Türk aile yapısıyla alakalı bişey. Ya amınakoyim bi şeyi de kapitalist toplum tüketim çılgınlığına bağlamayın arkadaş ya. Formatın da anasını sikeyim ayrıca. Ne kapitalist toplum amk ne tüketim çılgınlığı. Kız ay bni sikickler diye çıkmıyor işte başka bi boktan değil.
evin kızının birkaç kan bağı ve genetik yakınlık sebebiyle normalde hiç samimi olmadığı insanlarla sammimiymiş gibi davranma oyununu ve hanım hanımcık kız rolünü oynamak istememesinden de kaynaklanabilecek durumdur.
kapitalist ideolojinin tam olarak istediği şeydir aslında. aile kurumunun geleneksel işlevlerini yok etmek!
bayramlarımızı, alışkanlıklarımızı, örf ve adetlerimizi, gelenek göreneklerimizi bir bir bitirmek!
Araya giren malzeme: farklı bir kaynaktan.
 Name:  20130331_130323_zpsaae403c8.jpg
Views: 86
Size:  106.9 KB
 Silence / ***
peki sonrasında ne mi oluyor, aileler darmadağın oluyor. kişiler için böyle özel günlerin hiçbir anlamı kalmıyor.
giderek yalnızca bir tüketim çılgınlığına dalıyoruz. unutuyoruz bütün bu güzellikleri, güzel günleri.
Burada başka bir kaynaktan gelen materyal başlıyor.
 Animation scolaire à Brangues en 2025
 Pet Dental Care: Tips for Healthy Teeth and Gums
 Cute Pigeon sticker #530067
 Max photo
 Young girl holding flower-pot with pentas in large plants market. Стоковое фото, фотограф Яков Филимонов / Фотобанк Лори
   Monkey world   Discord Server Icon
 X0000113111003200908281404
efendim belki diyeceksiniz ki sende herşeyde kapitalistleşme, kapitalistleşme diyorsun be adam..
ancak bilinmelidir ki, kapitalist ideoloji aileyi yok edip insanları giderek 'bencillik' kavramına alıştırıyor.
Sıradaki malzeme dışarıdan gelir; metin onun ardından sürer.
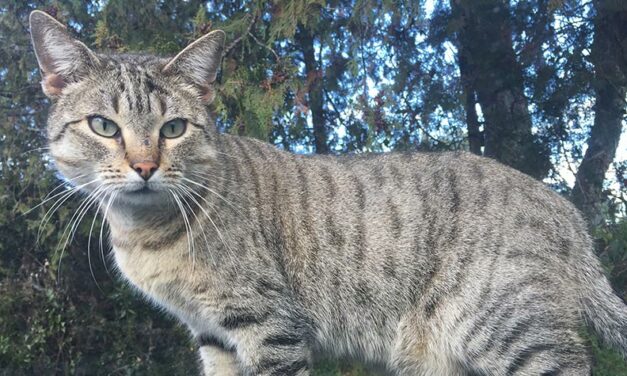 STRAY CATS OF CORSE ISLE WILL NOW HAVE A FULL BELLY FOR A LITTLE WHILE. A BIG “THANK-YOU” TO ALL OF YOU
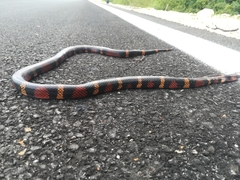 Lampropeltis abnorma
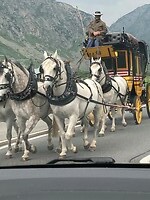 IMG_8677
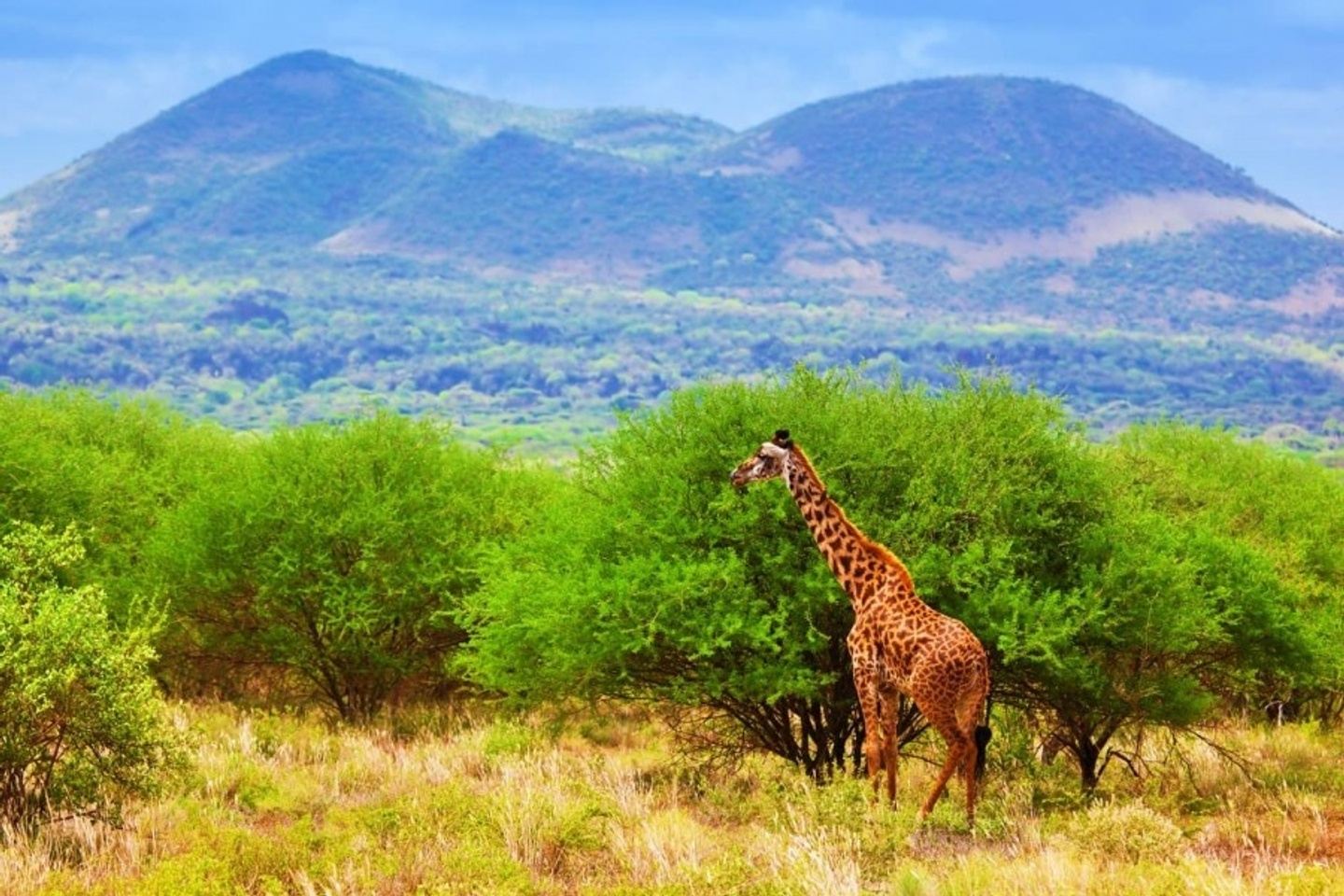 3 Days Tsavo Safari Escape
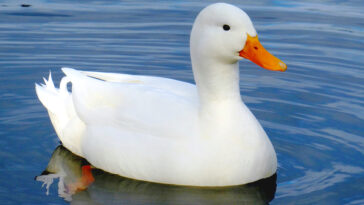 duck-names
o odadan çıkmayan çocuk için aile ortamı değil, dışarıdaki hayat cazibeli duruyor..
tabi bunun bir başka sebebi daha var. aile bireylerinin çocuklarını eğitirken onları yalnızlığı alıştırmaları.
eğer ki aile çocuklarını büyütürken, onları hiç akrabalarıyla tanıştırmamış ise çocuk özünü unutacaktır!
bu yüzden diyorum ki, onları akrabalarınızla iç içe büyütün. imkanınız yoksa bile sık sık ziyaret edin..
edin ki hem çocuk yeri geldiğinde kime boyun eğeceğini bilsin, hem de milli bilincini ve kültürünü kaybetmesin!